Theory of Constraints — The Bottleneck X-Ray

Eliyahu Goldratt’s Theory of Constraints says a system is only as fast as its tightest constraint. That sounds abstract until you apply it to CPU inference. Then it becomes brutally practical: if arithmetic intensity is far below the ridge point, the real bottleneck is memory bandwidth, not imagination, not hype, and not theoretical peak FLOPs.

CKE encodes that logic directly into the Profile tab. When Advisor data exists, it classifies the run as MEMORY-BOUND, BALANCED, or COMPUTE-BOUND using arithmetic intensity relative to the ridge point. When Advisor is missing, it falls back to IPC as a rough estimate.

For this Qwen3 decode run the conclusion is unambiguous. The constraint chain starts with DRAM bandwidth utilization, then compute throughput, then cache efficiency, then GEMM/GEMV time share, then branch prediction. Branch prediction ends up green. DRAM and cache behavior do not. This is why the IR report feels like an X-ray. It is not just plotting counters; it is ranking the weak links from weakest to strongest.

Constraint classification logic in renderProfileTOC()

javascript

const ai = physics.computeIntensity;
const ridgePoint = 10.0;
if (ai !== null && ai < ridgePoint * 0.6) {
    constraint = 'memory-bound';
    constraintTitle = 'MEMORY-BOUND';
    constraintExplain = `Arithmetic Intensity = ${ai.toFixed(3)} FLOPs/byte — well below the ridge point (~${ridgePoint} FLOPs/byte).
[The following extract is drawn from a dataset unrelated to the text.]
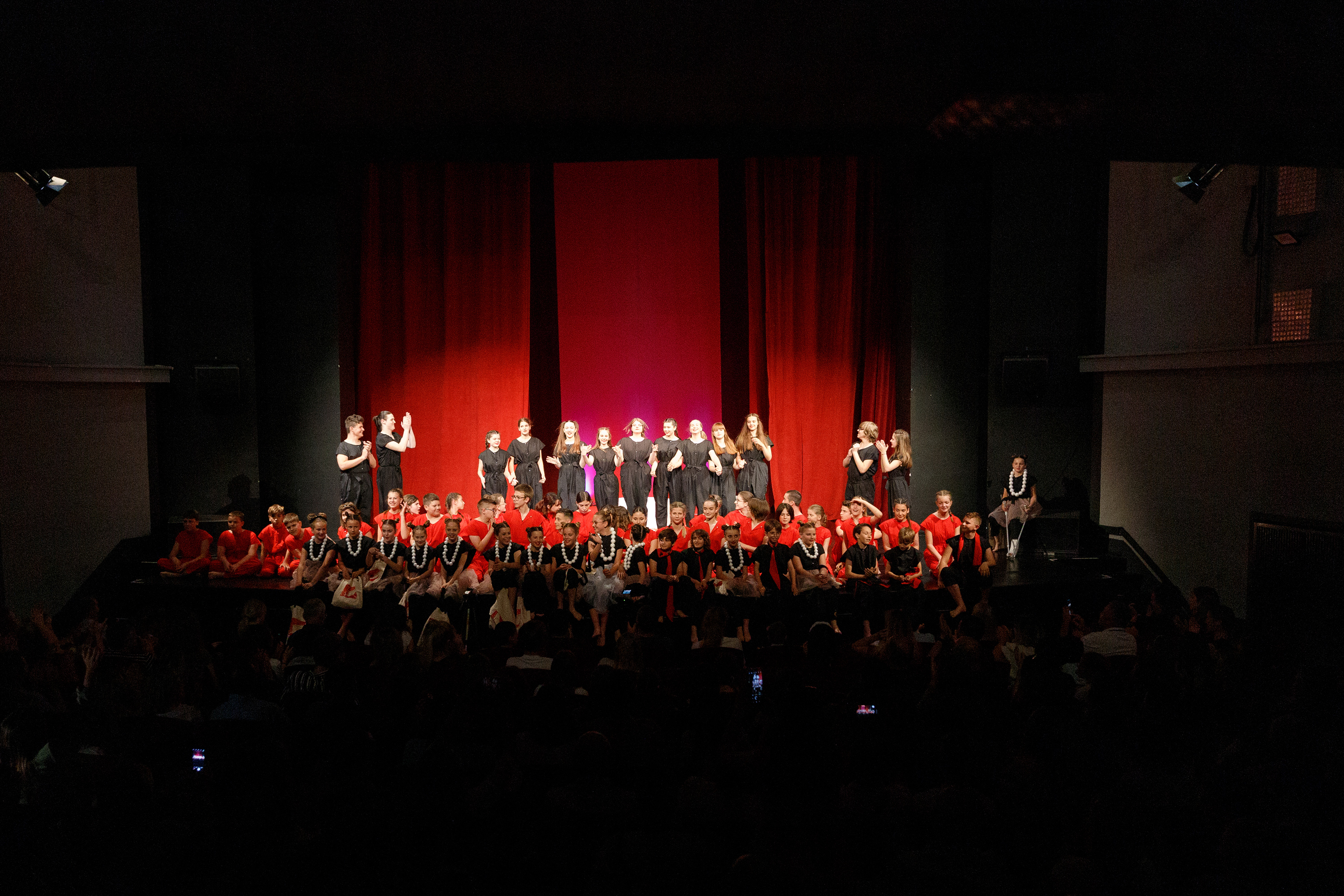 Igrajmo se: Zabranjeno mlađima od 15 strana A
The CPU's compute units are starved waiting for data.`;
    constraintAction = 'Reduce memory traffic: better quantization, tighter cache blocking, prefetch hints, weight layout optimization.';
} else if (ai !== null && ai >= ridgePoint * 0.6 && ai < ridgePoint * 1.4) {
    constraint = 'balanced';
} else if (ai !== null && ai >= ridgePoint * 1.4) {
    constraint = 'compute-bound';
} else if (ipcVal !== null) {
    if (ipcVal < 1.0) constraint = 'memory-bound';
}

Constraint chain link: DRAM bandwidth and compute throughput

javascript

if (physics.memoryBwGBs !== null) {
    const dramPeak = 29.0;
    const utilPct = (physics.memoryBwGBs / dramPeak) * 100;
    chain.push({
        label: 'DRAM Bandwidth',
        value: `${physics.memoryBwGBs.toFixed(1)} GB/s`,
        capacity: `${dramPeak.toFixed(0)} GB/s peak`,
        utilization: utilPct,
        insight: utilPct > 70
            ? 'Near DRAM saturation — this is the wall.'
            : 'Moderate DRAM pressure.'
    });
}
if (physics.gflops !== null) {
    const estPeak = 288.1;
    const utilPct = (physics.gflops / estPeak) * 100;
    chain.push({
        label: 'Compute Throughput',
        value: `${physics.gflops.toFixed(2)} GFLOP/s`,
        capacity: `~${estPeak.toFixed(0)} GFLOP/s peak (DP FMA)`,
        utilization: utilPct,
        insight: utilPct > 60 ? 'Good compute utilization' : 'Low compute utilization — data starvation or scalar code is wasting SIMD width.'
    });
}

Constraint chain link: cache efficiency, GEMM share, branch prediction

javascript

if (cmrVal !== null) {
    const missRate = cmrVal * 100;
    chain.push({
        label: 'Cache Efficiency',
        value: `${missRate.toFixed(2)}% miss rate`,
        capacity: '<1% ideal for streaming workloads',
        insight: missRate < 2 ? 'Excellent cache hit rate' : 'High cache miss rate — this is a significant bottleneck.'
    });
}
if (gemmPct > 0) {
    chain.push({
        label: 'GEMM/GEMV Time Share',
        value: `${gemmPct.toFixed(1)}%`,
        capacity: '>85% ideal (matmul should dominate)',
        insight: gemmPct > 80 ? 'Matmul dominates — overhead is minimal.' : 'Low GEMM share — non-matmul overhead is the constraint.'
    });
}
if (bmr !== undefined) {
    const missRate = Number(bmr) * 100;
    chain.push({
        label: 'Branch Prediction',
        value: `${missRate.toFixed(2)}% miss rate`,
        capacity: '<0.5% ideal',
        insight: missRate < 1 ? 'Excellent branch behavior.' : 'Too many mispredicts.'
    });
}

Constraint summary for the live Qwen3 decode case

text

Classification:
  MEMORY-BOUND
Primary chain, weakest first:
  1. DRAM Bandwidth utilization
  2. Compute Throughput utilization
  3. Cache Efficiency
  4. GEMM/GEMV Time Share
  5. Branch Prediction efficiency
Narrative:
  AI is far below ridge point
  cache miss rate is 63.9%
  branch behavior is excellent
  the wall is DRAM bandwidth

The Perf Gate — Automated Budget Enforcement

Performance engineering is not finished when you understand a bottleneck once. It is finished when regressions are stopped automatically. That is the role of the v7 perf gate: turn expected decode throughput and hardware-health floors into merge-blocking budgets.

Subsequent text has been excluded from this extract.